La Giornata mondiale del sonno rappresenta anche un'occasione per riflettere su un aspetto spesso trascurato: il sonno non è soltanto un fatto biologico o individuale, ma anche un fenomeno profondamente sociale. Il modo in cui una società organizza il lavoro, i tempi della vita quotidiana, la tecnologia e perfino le disuguaglianze economiche influisce direttamente sulla qualità del riposo delle persone.

Nel mondo contemporaneo il sonno è sempre più compresso tra ritmi lavorativi intensi, iperconnessione digitale e precarietà sociale. Turni notturni, lavoro su piattaforme, reperibilità continua e uso prolungato degli schermi stanno modificando radicalmente i cicli circadiani. Non è un caso che l'Organizzazione Mondiale della Sanità consideri ormai i disturbi del sonno un problema di salute pubblica in crescita. Dormire poco o male aumenta il rischio di patologie cardiovascolari, depressione, obesità e deficit cognitivi, ma incide anche su fenomeni sociali come incidenti stradali, errori professionali e calo della produttività.

Esiste inoltre una dimensione sociale delle disuguaglianze del sonno. Le persone con redditi più bassi, lavori precari o orari irregolari dormono mediamente peggio rispetto a chi dispone di maggiore stabilità economica e tempi di vita più equilibrati. In questo senso il sonno diventa anche un indicatore di giustizia sociale: chi è costretto a lavorare in condizioni stressanti o su turni prolungati paga un prezzo biologico e psicologico molto elevato.

La questione riguarda anche l'organizzazione delle città e degli spazi di vita. Inquinamento acustico, illuminazione artificiale, traffico urbano e stress ambientale influenzano la qualità del riposo di milioni di persone.
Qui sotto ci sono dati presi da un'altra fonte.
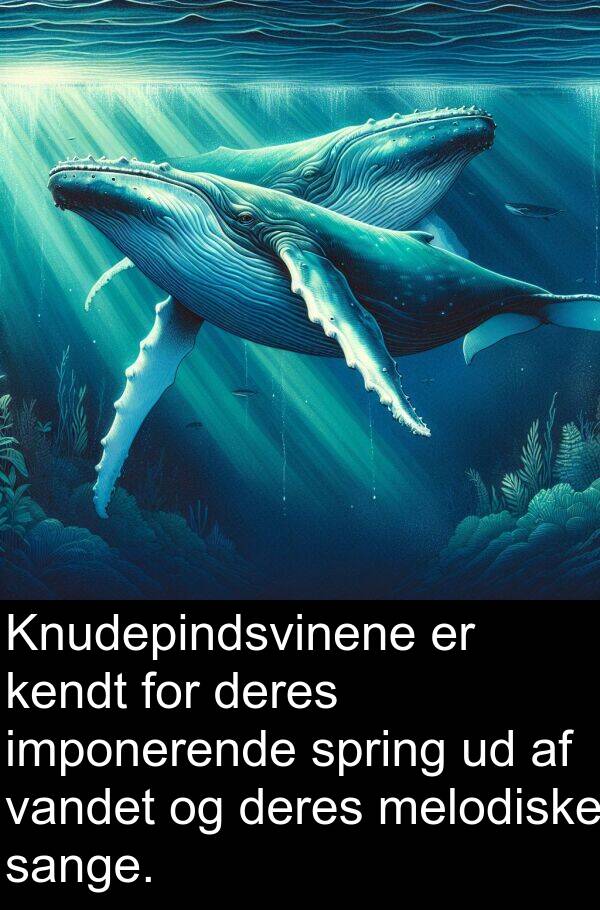 kendt: Knudepindsvinene er kendt for deres imponerende spring ud af vandet og deres melodiske sange.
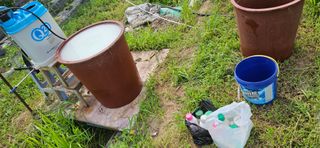 감자1963초보농부님의 고추 · 일상 작성글 사진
Le politiche pubbliche sulla salute, sull'urbanistica e sui tempi della città hanno quindi un ruolo importante nel garantire condizioni di vita compatibili con un sonno adeguato.

In questa prospettiva il diritto al riposo non è soltanto una raccomandazione sanitaria. È strettamente collegato ai principi costituzionali di tutela della salute e della dignità della persona, oltre che alle norme sul lavoro che disciplinano pause, ferie e limiti agli orari. Il sonno, dunque, non è un lusso né un segno di inattività: è una componente essenziale del benessere individuale e della qualità della vita collettiva.
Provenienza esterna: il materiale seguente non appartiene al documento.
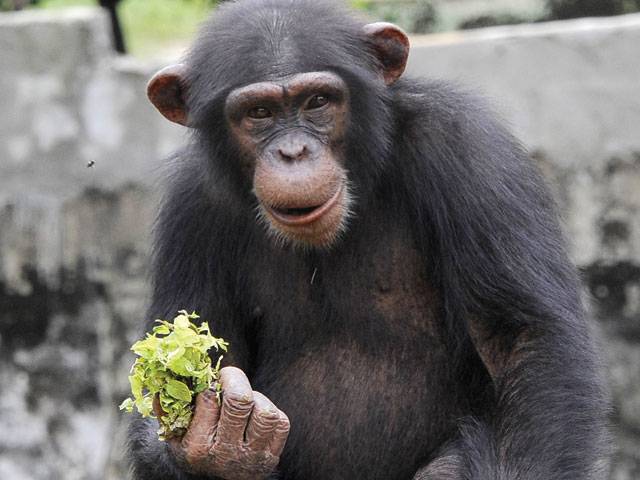 Gourmet chimps show how we came to cook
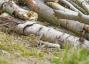 Gli inglesi hanno esortato ad aiutare gli scarabei di cervo in via di estinzione costruendo pile di tronchi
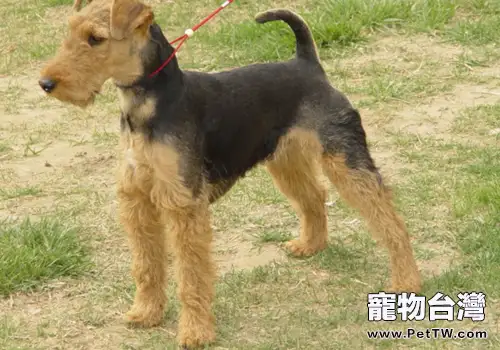 哪些問題應立即送狗狗去醫院(1圖)-寵物台灣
Riconoscere il valore sociale del sonno significa anche ripensare il rapporto tra produttività e benessere umano. Una società davvero moderna non misura il proprio progresso soltanto nella velocità o nella quantità di lavoro, ma anche nella capacità di garantire ai cittadini tempo per recuperare energie, preservare la salute e vivere con equilibrio. Dormire bene, in fondo, è una forma silenziosa ma fondamentale di civiltà.